Countries like Vanuatu and Fiji have developed comprehensive planned relocation policies to address the threat of disaster-related displacement and climate refugeeism. Of course, this does not address the problem of language loss.

Alaska

In Northern Alaska, native communities describe how climate change affects their language and life. 

“The Iñupiaq language has a complex and robust lexicon related to ice conditions in part because it is linked to our survival. If you’re out hunting and you aren’t able to describe to your hunting partner whether the ice is stable enough, it could cost your lives,” Annauk Denise Olin, an Iñupiaq and MIT Graduate student working on language revitalization, told MIT News.

Coastal erosion, flooding, and thawing permafrost are recurring problems for numerous Alaskan towns and villages. Many areas experience a combination of these threats, and communities are forced to migrate. Residents of Newtok, a Yup’ik village in Alaska, had to migrate to Mertarvik due to thawing permafrost and severe coastal erosion. The riverside village is losing 70 inches of coastline a year. They became the first community in America that had to migrate due to climate change. 

“Arctic communities, especially the Iñupiat, those communities are fishing communities. They are all near the sea and there is terrible erosion going on in the coastlines. In some of them, it’s so bad, it means they either have to move the entire city or village to another location or migrate to another city individually,” Lindsay J Whaley, professor of Linguistics and classics at Dartmouth, told Currently. 

Olin said that as the climate and environment changes, elders in her community lack the vocabulary to describe changes in the ice, affecting their way of life. Additionally, there are not many Indigenous language speakers in Alaska below the age of 60 who speak their native languages fluently. Losing their language means losing insight into the minds of their ancestors who were able to thrive in one of the harshest climates in the world for centuries.

In a study examining the nexus between land and language for Indigenous people, members of the Iñupiaq and Saint Lawrence Island Yupik communities in Northern Alaska spoke of how speaking their native language helps make practicing traditions and community values a more authentic experience.

Iñupiaq is a language of being out on the ice, said an elder from Utiqiaġvik, Alaska. The knowledge of sea ice is embedded into the language. While doing traditional activities such as whaling and berry-picking with the community, it is pertinent to know specific terminology concerning the ice, weather, wildlife, and currents. 

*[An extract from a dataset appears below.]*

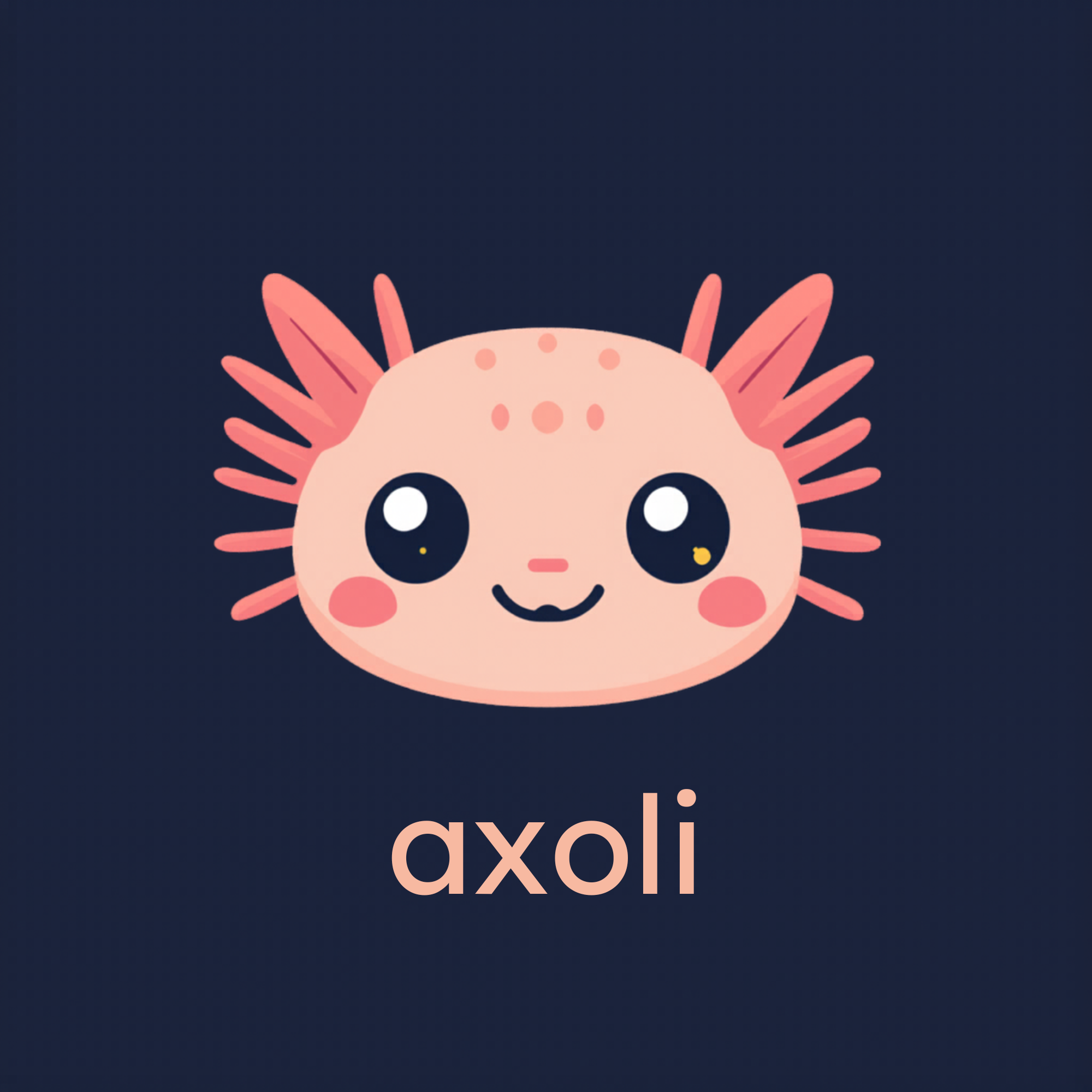 Axoli gallery image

“How are we gonna explain the different ices to the next generation? How are we going to talk about hunting and what to look out for if it so happens that the ice comes back? What are they gonna do,” said an Iñupiaq language instructor from Utiqiaġvik.

Language Revitalization 

In an attempt to preserve the Iñupiaq language of her native Alaskan community of Shishmaref, Annauk Olin has been working with the MIT Indigenous language Initiative to develop a curriculum to teach the native language. 

She is interested in creating a community-led school where they not only learn the language, but also partake in traditional practices such as harvesting and processing food, and sewing traditional clothes. 

Such an initiative, Olin believes, should relay the importance of community and how each person must relate to and connect with one another. Olin’s own community has been trying to relocate due to the impacts of climate change on their lives.

In Western Alaska’s Nome Elementary School, an Iñupiaq immersion program has been introduced at the kindergarten level to help strengthen children’s identities and boost their well-being.

All of these community language revitalization endeavors will help these Indigenous languages survive, even as a changing climate threatens their longevity.